RAMESHWAR LAL YADAV Vs. RAJASTHAN STATE AGRICULTURE MARKETING BOARD
LAWS(RAJ)-1986-1-67
HIGH COURT OF RAJASTHAN
Decided on January 30,1986

RAMESHWAR LAL YADAV Appellant
VERSUS
RAJASTHAN STATE AGRICULTURE MARKETING BOARD Respondents

JUDGEMENT

- (1.) THE petitioner Rameshwar Lal Yadav who claims to have served as Chowkidar from 1st november 1980 to 10th May 1982 and from 2nd september 1985 to the date of retrenchment, has challenged his retrenchment mainly on the ground that his termination is in contravention of section 25-F, 25-G and 25-H of the Industrial disputes Act. 1947 (for short the I. D. Act' ).
(2.) THE case of the petitioner is that he was appointed as Chowkidar with effect from 16th november, 1984 and continued up to May 10, 1985 and by verbal order of respondent No. 2, secretary, Krishi Upaj Mandi Samiti, Chomu his services were terminated.
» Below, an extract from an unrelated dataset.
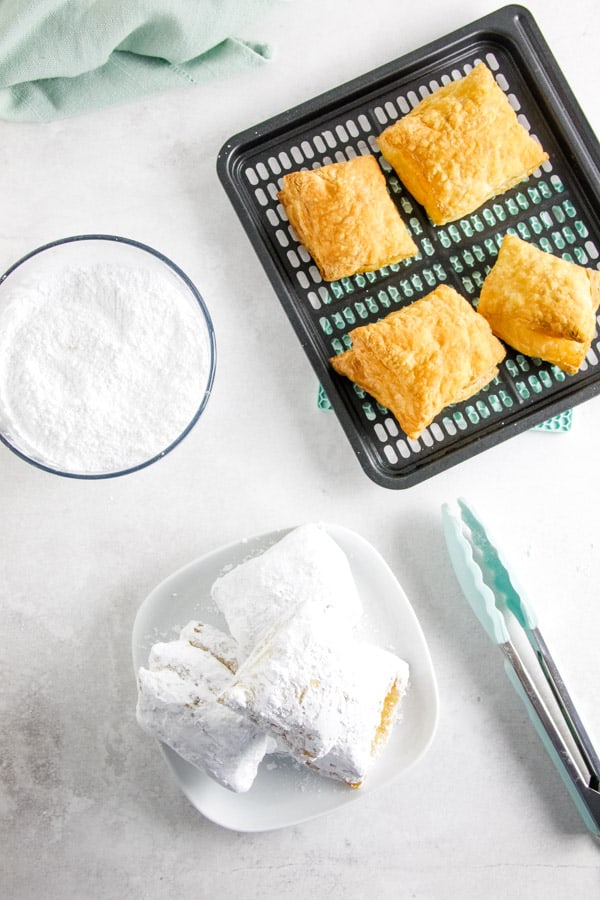 Easy 2 ingredient Air Fryer Beignets! Made with buttery puff pastry and coated with powdered sugar with no oil! Ready in 9 minutes! overhead view of Air Fryer Beignets.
He approached director, Rajasthan State Agriculture marketing Board resondent No. 1 and after some period he again came to be reinstated with effect from 2nd September, 1985 on the same post. But he was not paid salary of the intervening period. Again on May 29, 1986, his services were terminated by verbal order of the secretary, respondent No. 2 though he had completed 240 days within 12 months immediately preceding the termination of his services. His services could not be terminated without complying with Section 25-Fof the Act.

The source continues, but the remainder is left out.